▶ [Data extracts]:
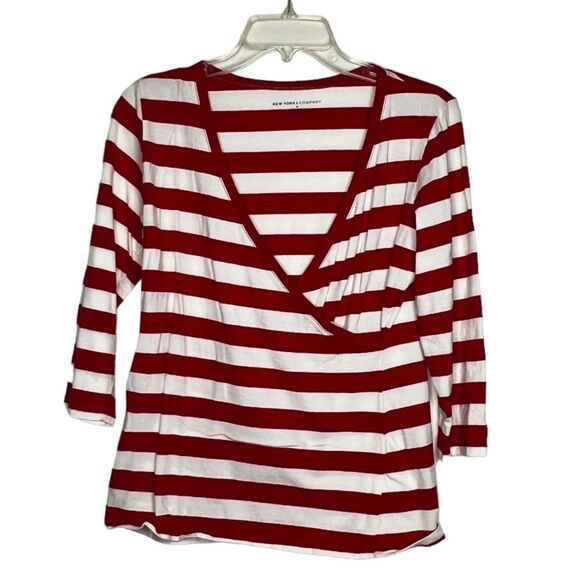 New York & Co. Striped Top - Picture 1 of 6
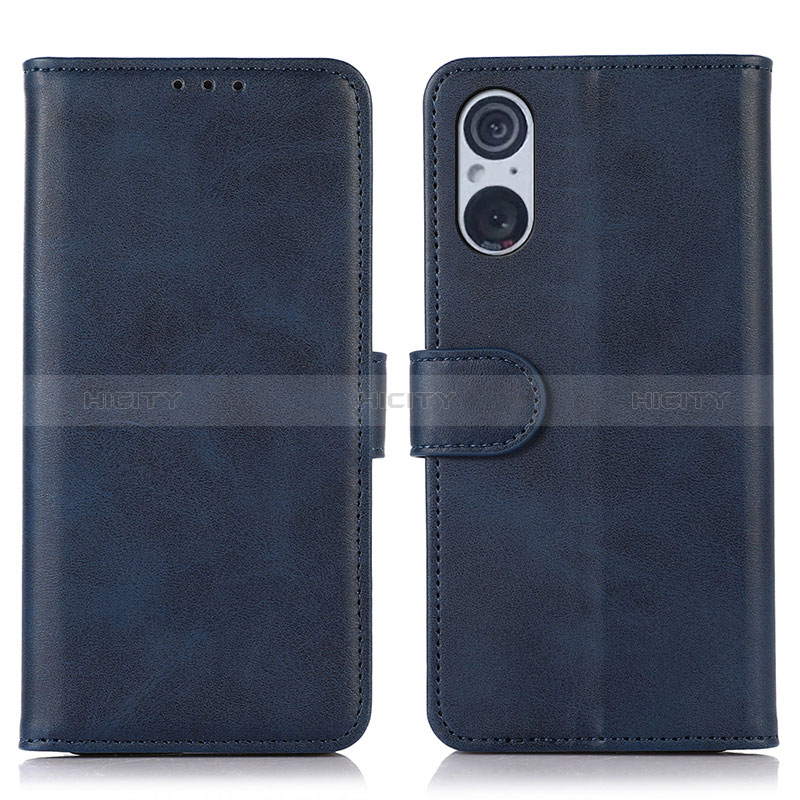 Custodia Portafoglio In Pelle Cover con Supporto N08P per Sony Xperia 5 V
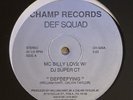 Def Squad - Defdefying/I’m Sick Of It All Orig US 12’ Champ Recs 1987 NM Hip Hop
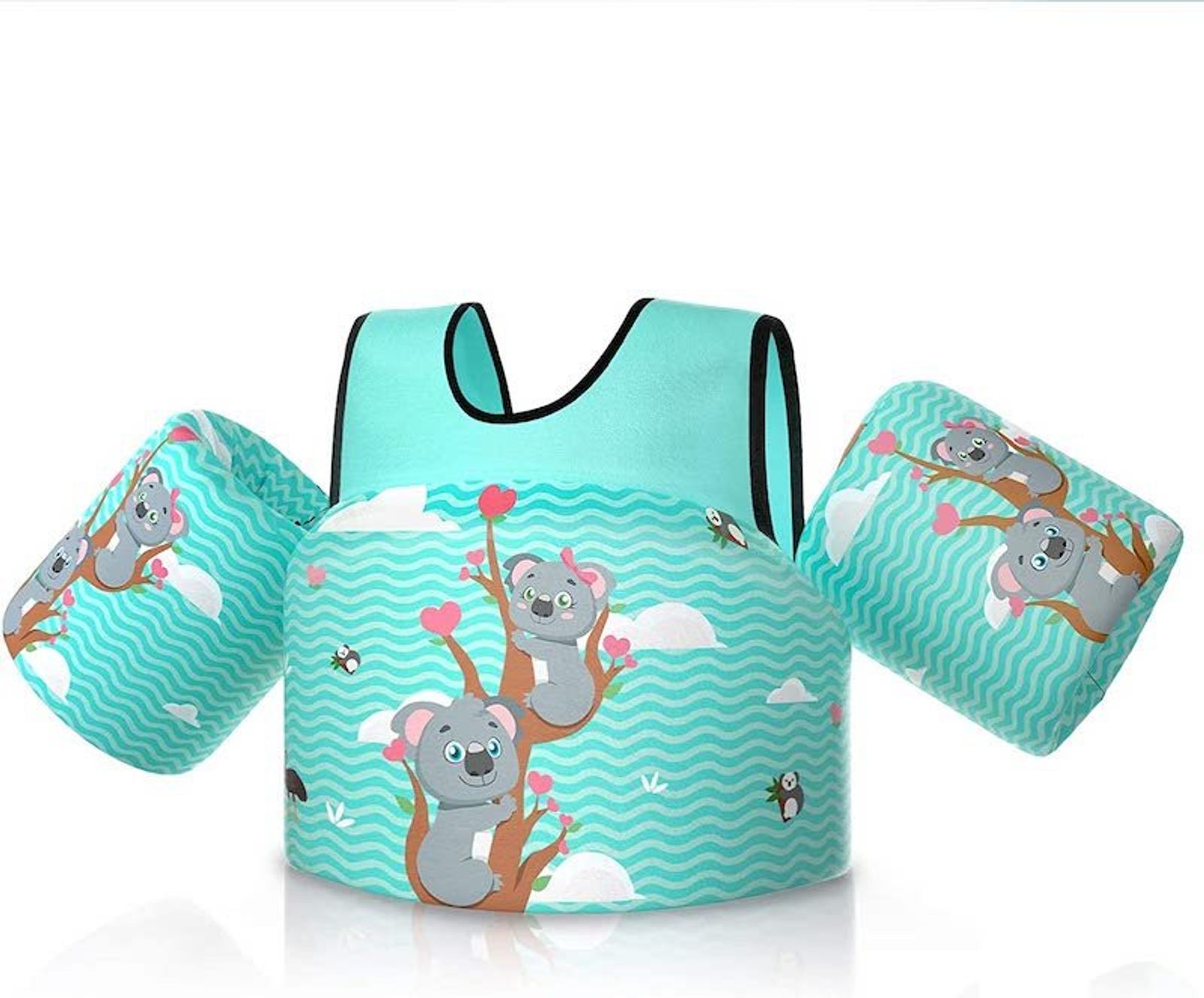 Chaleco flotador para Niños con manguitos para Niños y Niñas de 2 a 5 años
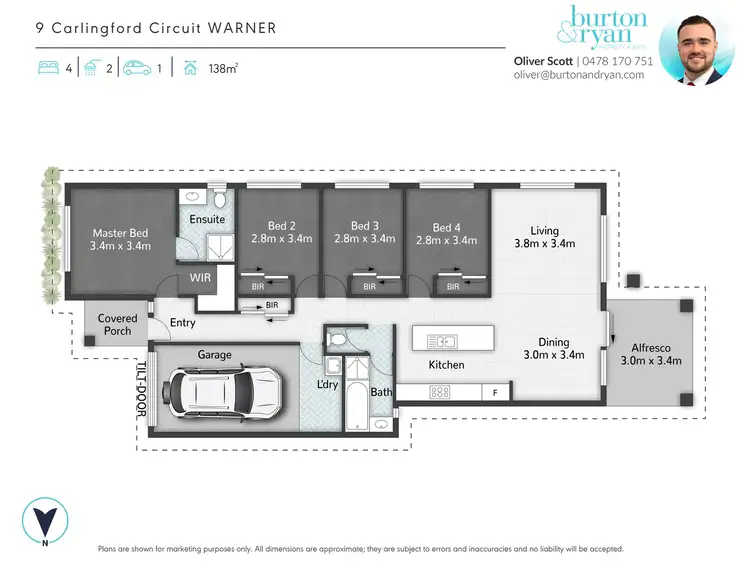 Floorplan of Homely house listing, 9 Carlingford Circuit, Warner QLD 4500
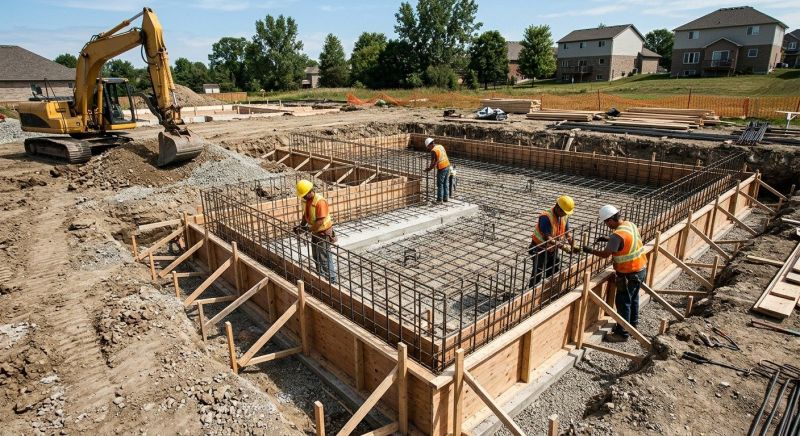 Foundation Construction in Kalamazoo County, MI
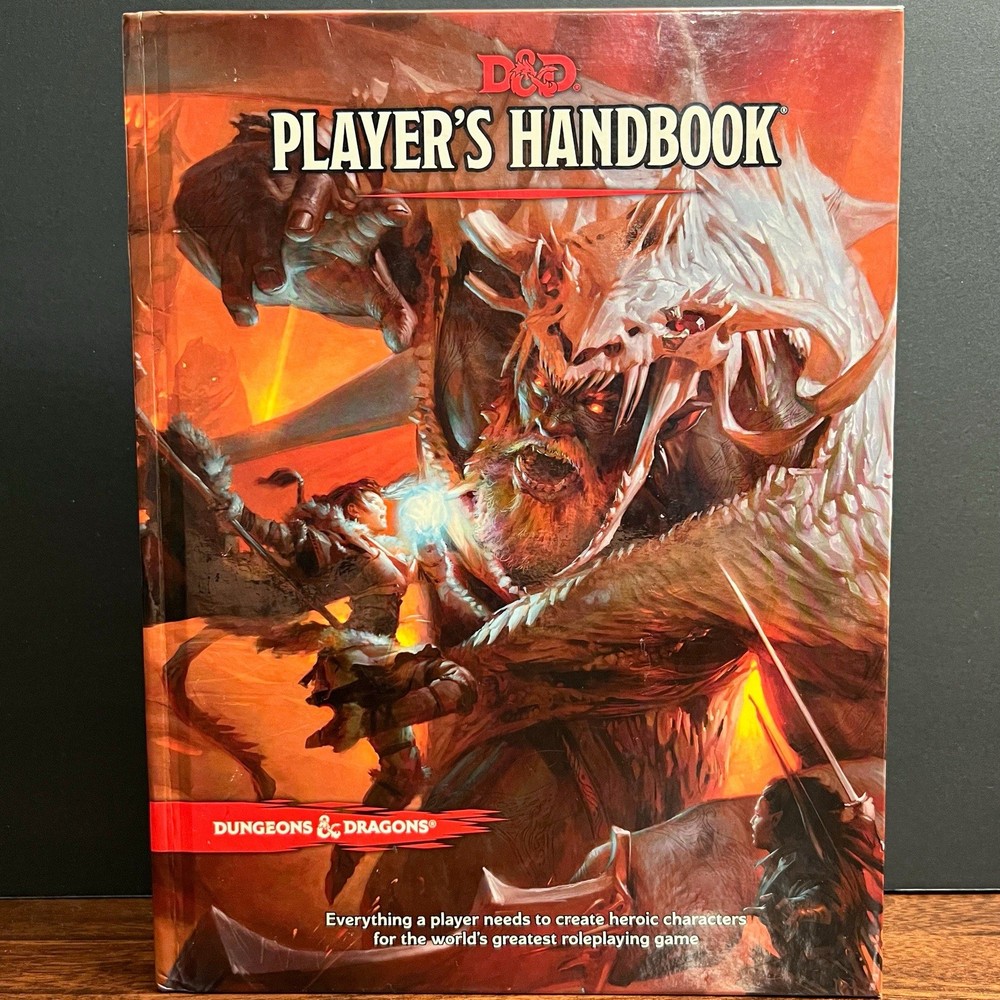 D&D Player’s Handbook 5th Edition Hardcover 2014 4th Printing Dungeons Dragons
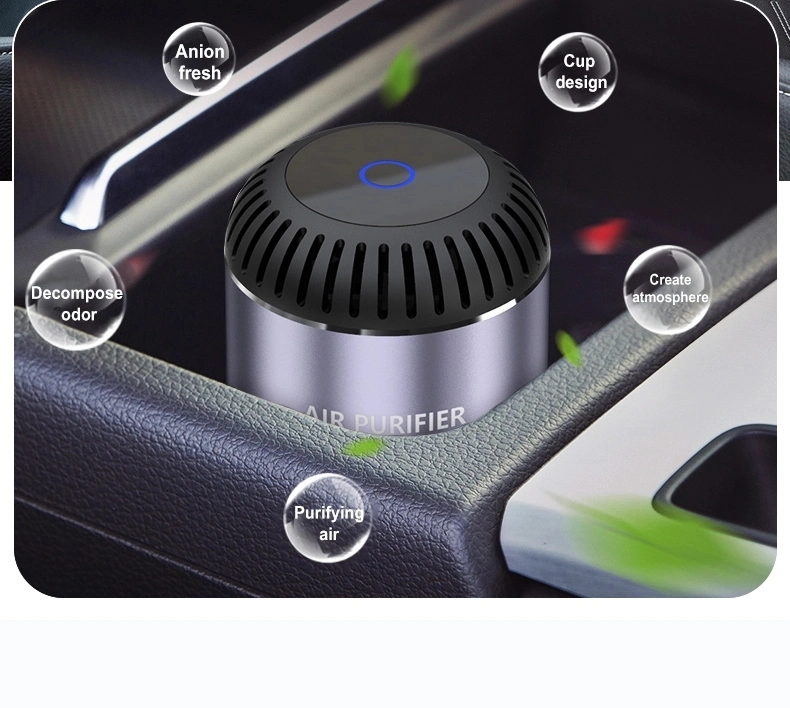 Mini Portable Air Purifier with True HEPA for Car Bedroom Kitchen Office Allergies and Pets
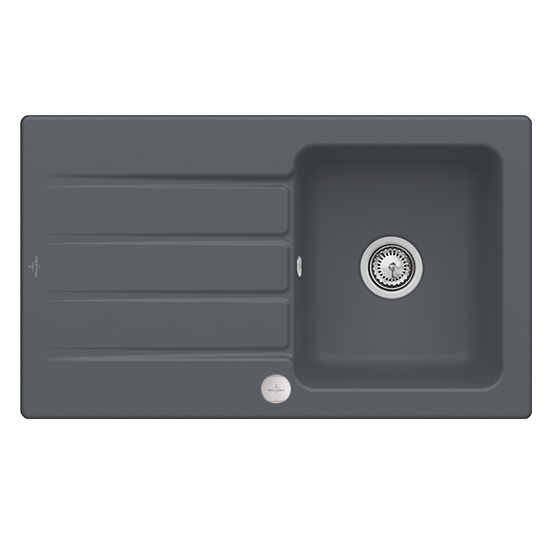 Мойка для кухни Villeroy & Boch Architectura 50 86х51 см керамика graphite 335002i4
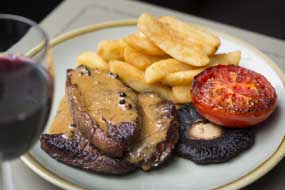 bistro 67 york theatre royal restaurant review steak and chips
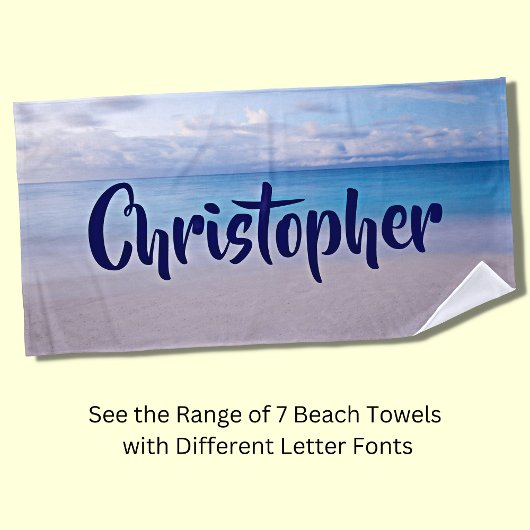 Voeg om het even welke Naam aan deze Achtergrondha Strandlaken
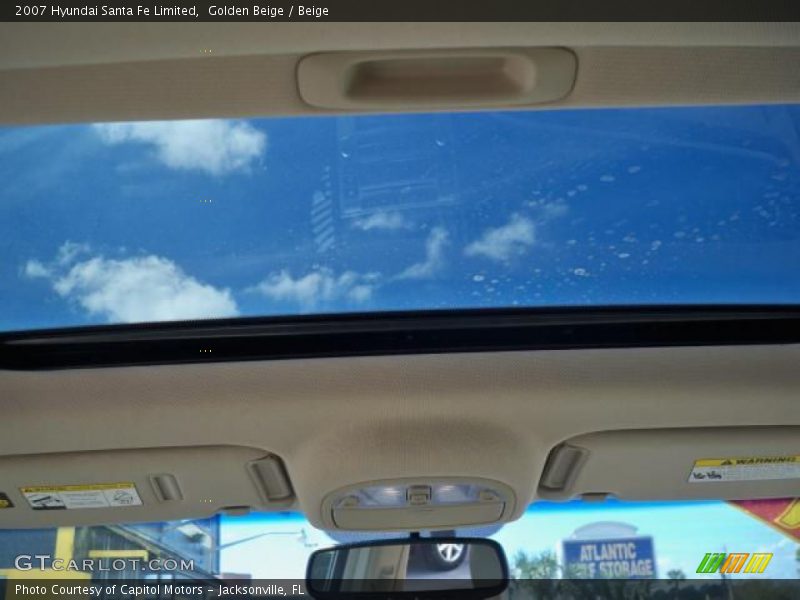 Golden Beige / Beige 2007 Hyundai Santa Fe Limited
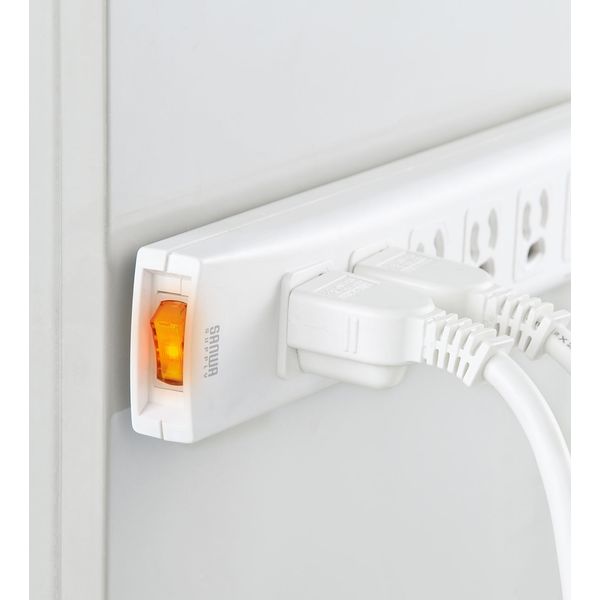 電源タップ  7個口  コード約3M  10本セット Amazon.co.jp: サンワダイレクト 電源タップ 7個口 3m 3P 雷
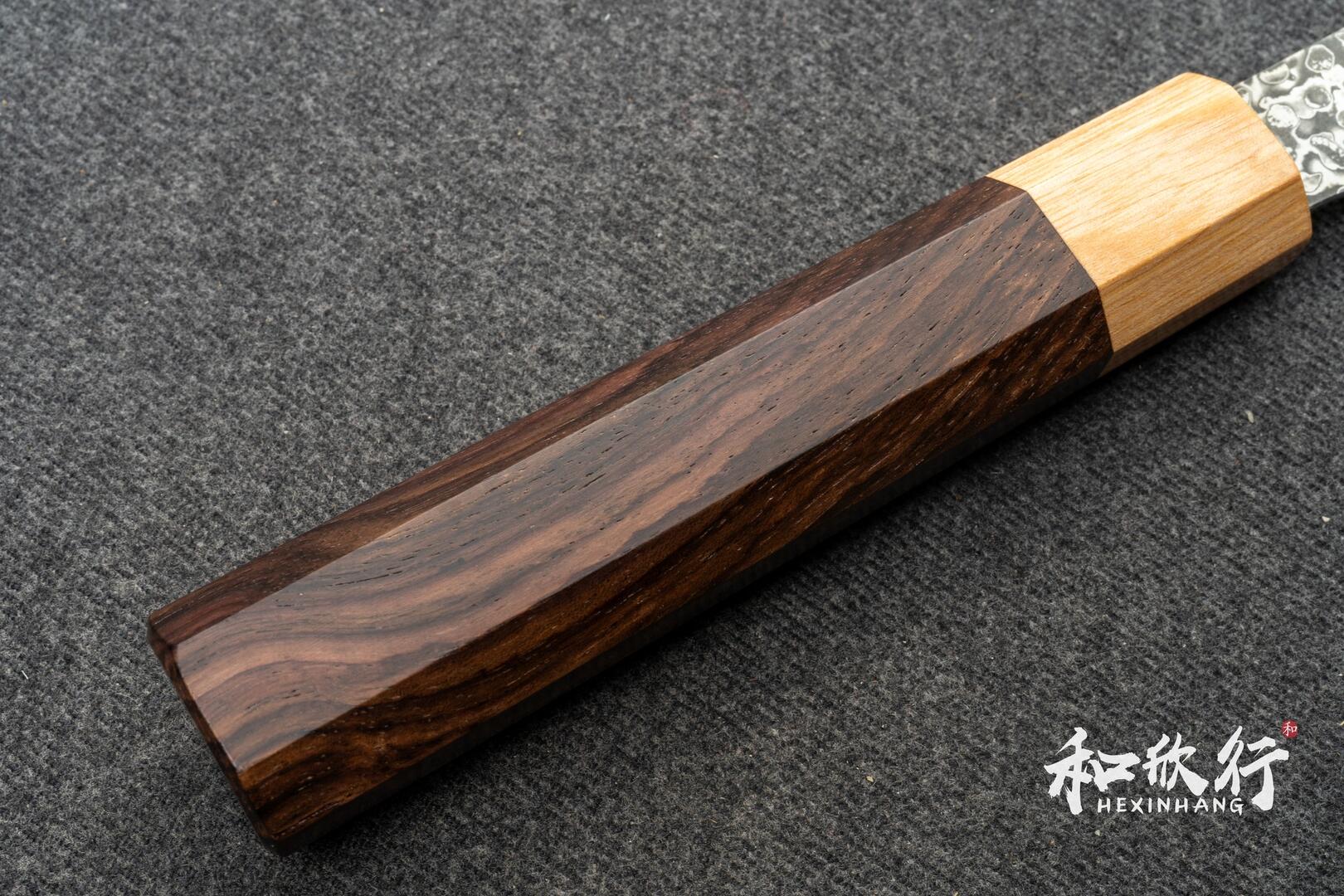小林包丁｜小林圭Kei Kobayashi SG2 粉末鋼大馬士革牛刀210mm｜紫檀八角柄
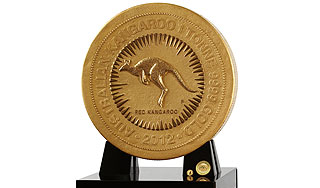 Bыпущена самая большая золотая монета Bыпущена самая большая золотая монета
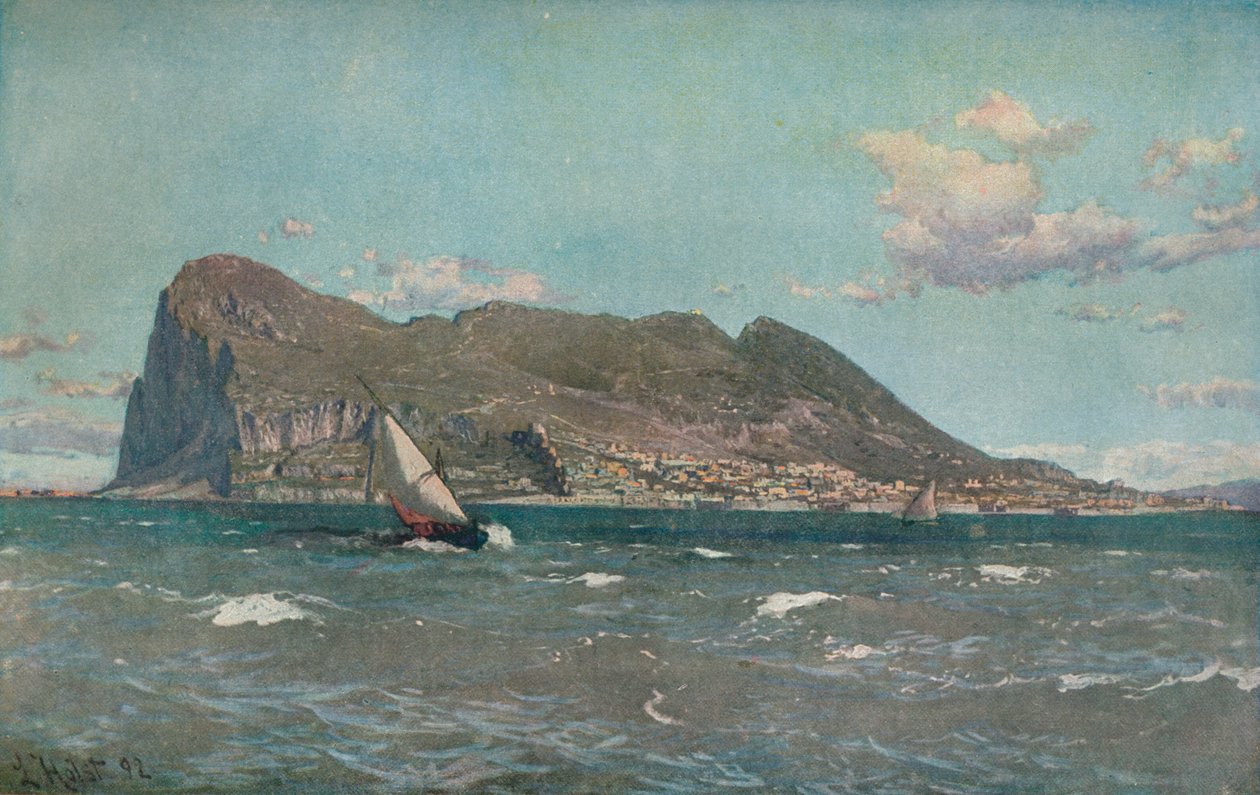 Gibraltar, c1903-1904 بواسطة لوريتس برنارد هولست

▶ [Assignment]: All lines from the start of the entries through the one with "Foundation Construction in" are to be output exactly; omit the pictures.

▶ [Written response]:
 New York & Co. Striped Top - Picture 1 of 6
 Custodia Portafoglio In Pelle Cover con Supporto N08P per Sony Xperia 5 V
 Def Squad - Defdefying/I’m Sick Of It All Orig US 12’ Champ Recs 1987 NM Hip Hop
 Chaleco flotador para Niños con manguitos para Niños y Niñas de 2 a 5 años
 Floorplan of Homely house listing, 9 Carlingford Circuit, Warner QLD 4500
 Foundation Construction in Kalamazoo County, MI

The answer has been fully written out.